A few of us patrons of the Nigeriaworld saw this problem long ago as an impending danger and threat to life and property. I recall writing about the sad experience of the local villagers of Osazuwa along Benin-Auchi road in Edo state; they returned from their farms one evening and found the land beneath their homes shifted on a steep sliding slope, ultimately submerged several hundreds of feet down the fringe. They not only lost personal and family holdings but also their identity and character as a community. The same article drew attention to the perennial nightmares along Ore-Benin Road, Lagos-Ibadan Express Road, Enugu-Aba-Port Harcourt, Onitsha-Owerri-Aba, Onitsha-Enugu, and many other freeways connecting Arochukwu, Ikom, Ogoja and parts of Akwa-Ibom. I also recall Dr. Abati's one time trip to Uyo, on a conference of members of the Nigerian Union of Journalists, how and why he arrived so late in the night.

The primary hub of slope instability has been traced to two key fault lines: the Benin Hinge Line, a sub-linear feature connecting Abeokuta, parts of Auchi, Sabongida Ora, and Okene in former Kwara. The other fault zone is traceable from parts of Enugu, Afikpo, Item, Abriba, and Arochukwu and further down into Akwa-Ibom and Cross River. In a plan view, the two geologic structures form a broad inverted "V" loosely defining the transition between the sedimentary rocks of the greater Niger Delta and the hard rocks of the Nigerian Basement Complex. Further south the coastline takes the shape of another broad-based basin with its fringes stretched out connecting Lagos on the west and Calabar on the east.

In between this delta-basin and the inverted "V" structures, most of the surface streams flow in a north-south direction headed into the Atlantic Ocean. The intriguing phenomenon is that these streams run parallel to sub-parallel to one another, ultimately joining the coastline at a nearly 90 degree angle. They are essentially normal to the coastline which means that run-off and run-on are inherently prone to rapid sequence and successions of mass wasting with enormous bed load. The limits of Nigeria's Active Belt of Major Structural Instability seem to be defined as indentified, the entire land-space and geohydrologic facies north of the coastal front and south of the inverted "V" fault zone.

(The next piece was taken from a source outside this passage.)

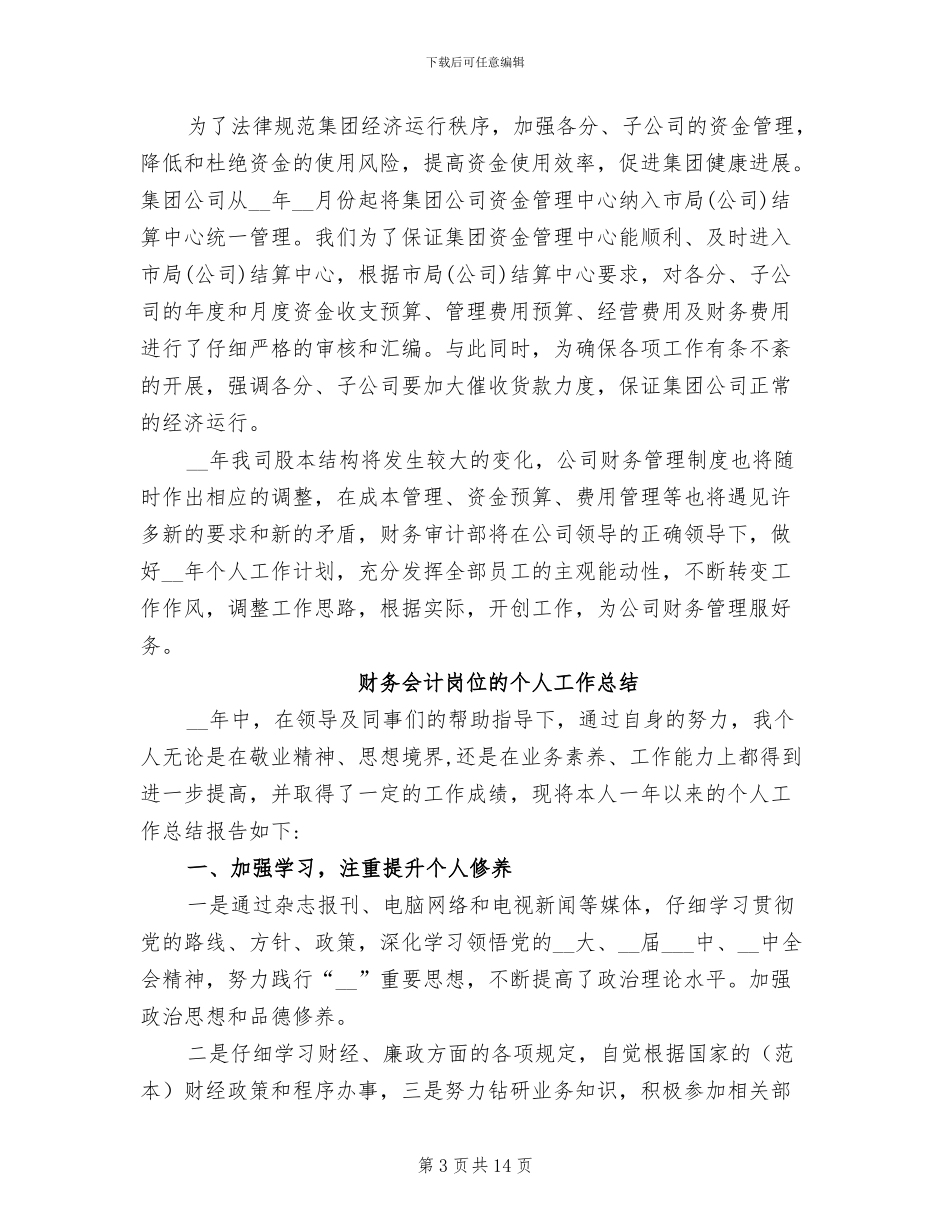 2024年财务会计岗位个人工作总结_第3页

All key infrastructural sign-posts within this belt are being destroyed as quickly as they are put up. It is within this same area one finds the largest gullies and trenches, road networks washed out to bare red earth; the farmlands have also been stripped of their top soil, hardly any good enough to produce yam, cassava or cocoyam, the staple food for many. Nigeria's bread basket is clearly dwindling and shrinking with every rainy season. Something extremely strange far beyond the-business-as-usual mentality must be happening; suddenly the resource comptrollers must have experienced a midnight awakening, perhaps a new religion in readiness for the impending Armageddon. Thus, the Southeast is now getting some attention to qualifies as a disaster area? What then does the government know at this moment that it did not know before? It is exactly what happens when one lives long enough to bear witness. But then what is next? Perhaps "we shall understand it better bye and bye".

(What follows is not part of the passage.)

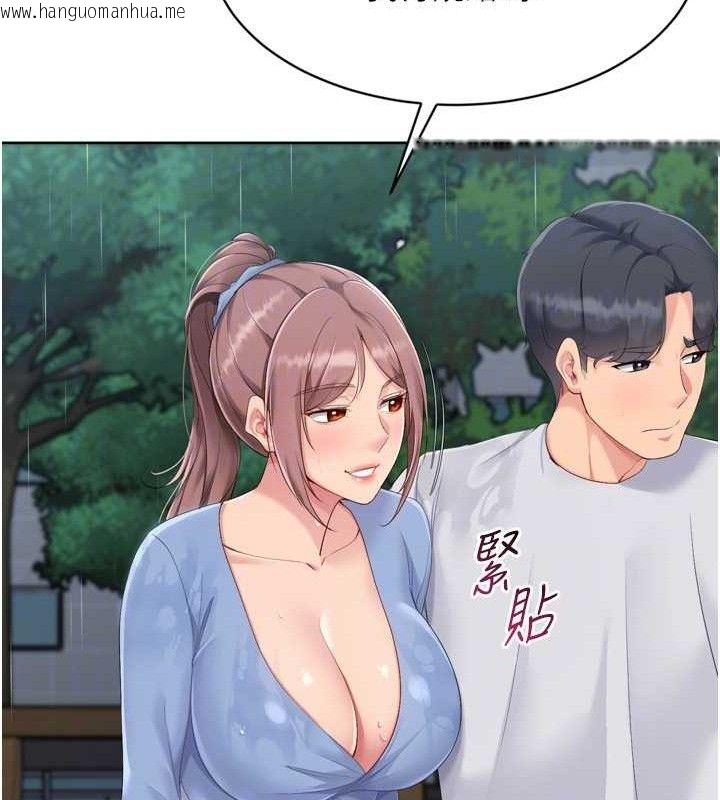 韩国漫画Set-up!排球少女韩漫_Set-up!排球少女-第54话-乖宝宝的「特别奖励」在线免费阅读-韩国漫画-第110张图片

Every government in power whether federal or state, has always ignored the problem, preferring to be in denial. Each Minister or Commissioner for Environment has always found comfort in talking about what is commonly described in Nigeria as "Ecological Disaster". Discussions begin and end with opening ceremonies of workshops and conferences rehashing the theories of the problem, as it was in the beginning and ever shall be. The so-called experts like to talk and preach. In the end nothing happens; but money is spent, contracts are awarded to ghost companies and individuals based on sketchy proposals and plans, often mere projections by bureaucrats handed over from one administration to another. Meantime, misery continues to spread, spinning the wheels of misfortune community after community, one village disaster after another. The local government chairman shows up at the scene in coat and tie or "Agbada" (overflowing outfit) only to make more speeches before whoever cares to listen. The photo-op continues when legislators from Abuja eventually arrive with their news crew on an observation tour of the disaster area and for which they receive "bush" allowance. It is all about talking, more talks, too many talks and not enough of tangible positive action. With this new mission, it would not be long before the government inaugurates the "Ecological Commission of Nigeria"; expect the members to be sworn in by Mr. President before the next rain. The commission is likely to be headed by one party big wig who graduated with B.Sc. (Hon.) in Geography from the local University in 1975. Fund would be allocated by government; the members of the commission would first buy four-wheel drive vehicles to enable them maneuver the treacherous landscape and dangerous terrains of the affected areas. Their follow-up meeting would be arranged somewhere in London, part of a workshop on gully erosion. Thus, the cycle of inaction and mediocrity continues until the next government in power.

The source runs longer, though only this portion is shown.